Disruptive by Design: Turning Analysts' Thoughts Into Digital Models
The U.S. intelligence community (IC) must transform its ability to discern threats from hundreds of millions of data points that flood databases each day and provide timely, actionable findings to warfighters and government officials. As it stands, agencies devote too much time, money and talent to reading data and must find new ways to keep their edge over adversaries. One way of addressing the problem is turning analysts’ thoughts into digital analytic models.
You read that correctly.
In shoptalk, analytic modeling is the digital representation of an analyst’s hypothesis of adversarial behavior related to a key intelligence topic. In simpler terms, it is mapping anticipated conduct and putting it into an easily understandable format that can be leveraged by analysts and computers. For example, this could be the expected linear and temporal steps an adversary would take to perform a missile launch, represented in a human- and machine-readable format.
On a basic level, analytic modeling has a foundation in mathematics, and businesses have applied the technique to tailor product pitches to specific customers.
To be clear, this approach does not advocate replacing intelligence analysts with computers. Instead, it complements the analytic work force and, for the first time, leverages the power of cloud computing and advanced algorithms to understand thoughts that otherwise would be trapped inside analysts’ heads. Applying analytic models and digitizing those thoughts lets the IC pivot more quickly to assess and address the vast amount of incoming information.
Digitizing analyst thought also allows for more critical thinking. According to one IC evaluation, analysts spend 80 percent of their time doing recursive searching on known targets. In an eight-hour day, an analyst searches for information on six of them, leaving only 20 percent of their time for critical thinking.
With search results netting tens of thousands of hits, human analysts do not have time to sort through every relevant hit. Analytic models can exhaustively look at data in ways humans cannot. The potential impact could be massive and incredibly disruptive to U.S. adversaries.
How can we get there? An initial step to combat data overload is to align IC data scientists with top analysts in each intelligence discipline to capture hypotheses on adversarial behavior. Data scientists then can digitize the human thought process into analytic models, which evaluate the data the same way a human would—only much, much faster. As the models return results and insights, analysts can work with data scientists to refine the models and ensure that they reflect mission needs.
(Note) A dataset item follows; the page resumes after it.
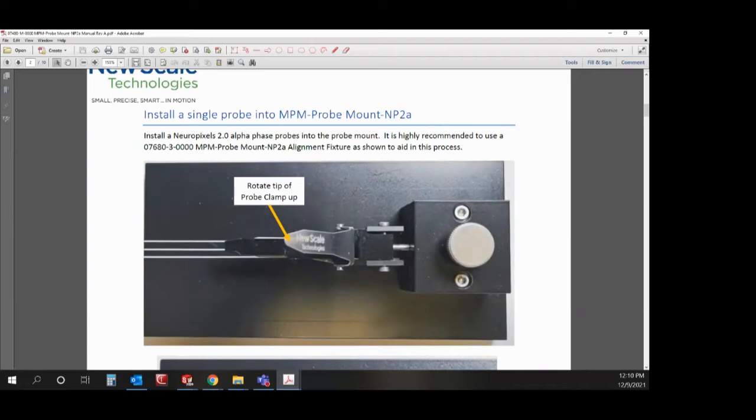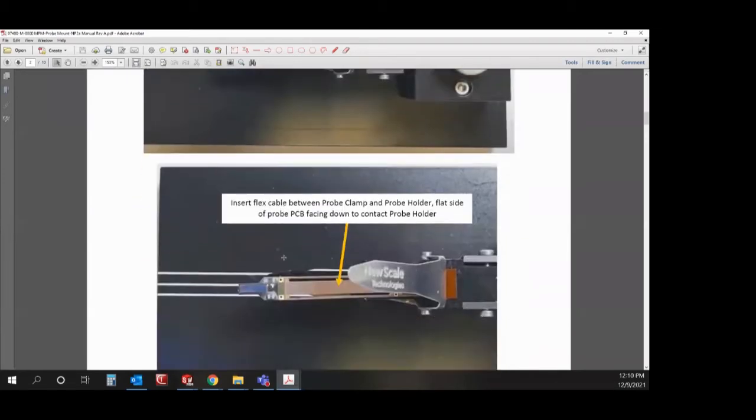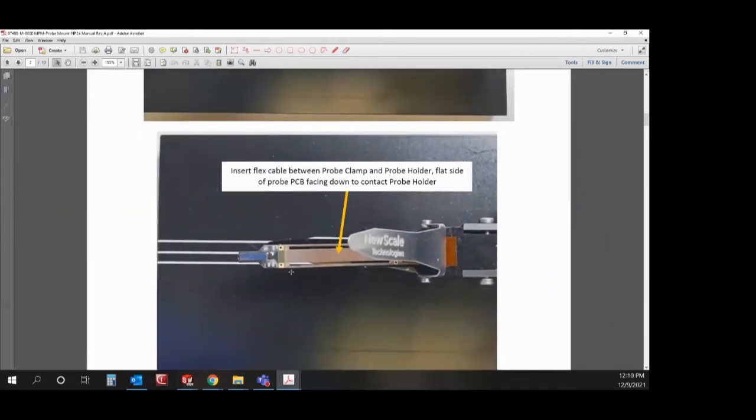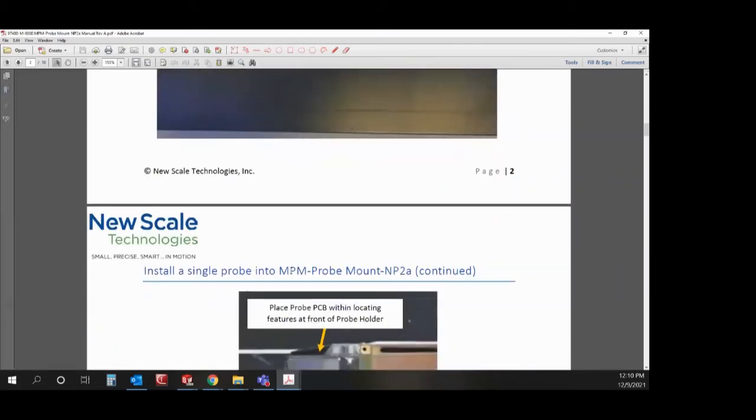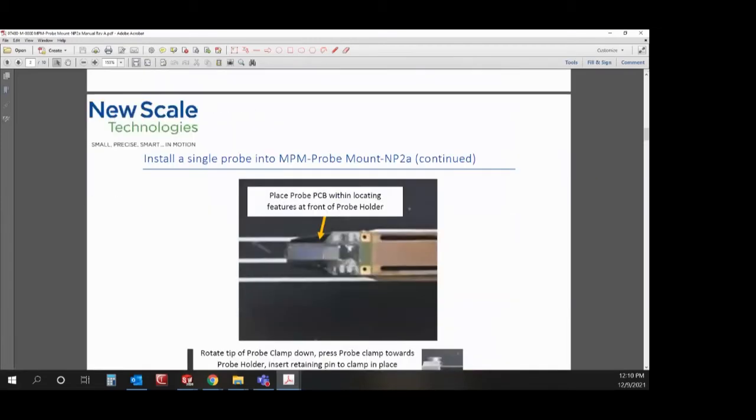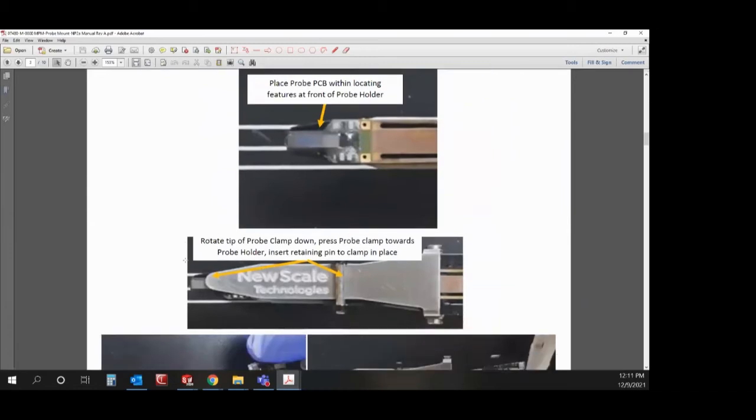So you would rotate the sheet metal clamp upwards, slide the flex cable in between the clamp and the probe body. We have locating features on the front of the probe mount to help keep the probe where it needs to be and straight. Rotate the sheet metal clamp back down, compress it to apply some force and slide the retaining pin back in.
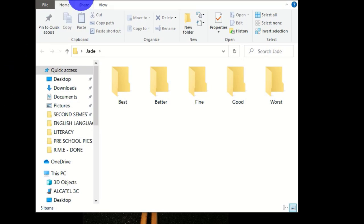This is how to create subfolders within a main folder on a computer using the command prompt window. Thank you for watching, and see you in the next tutorial.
Speed is a major advantage. Shifting from human analysis to digitized thought and analytic models could detect actionable intelligence from large datasets in mere minutes rather than hundreds of hours.
Implementing the approach across the IC would not be easy. It would require patience, organizational change management and a good communication plan to explain its value to mission stakeholders. It also would require connecting new analytic modeling activities to the mission—and properly communicating that connection—to foster work force engagement and reduce organizational resistance.
To highlight the critical need for this radical approach to data analysis, we need look no further than the mobile sensation Pokemon Go. Within two weeks of its introduction, the game had attracted more than 15 million players, who daily streamed geotagged data of the places to find Pokemon. Imagine if terrorists gained access to the Pokemon network and spoofed a rare Pokemon figure in Central Park, drawing thousands of people to a single location where they planted explosives. Without leveraging digitized analyst thought in the form of analytic models, it would be difficult to determine that there was a network intrusion, let alone who did it.
As more devices, applications and objects connect to the online world, it will be critical to unlock thoughts and hypotheses from analysts’ brains so the IC can apply the power of cloud computing to the nation’s most critical problems. These are not problems that can be addressed by hiring more and better analysts alone.
Jesse Nielsen is the founder and managing director of VXIT Analytics. He is a member of AFCEA’s Emerging Professionals in Intelligence Committee (EPIC). The views expressed here are his alone.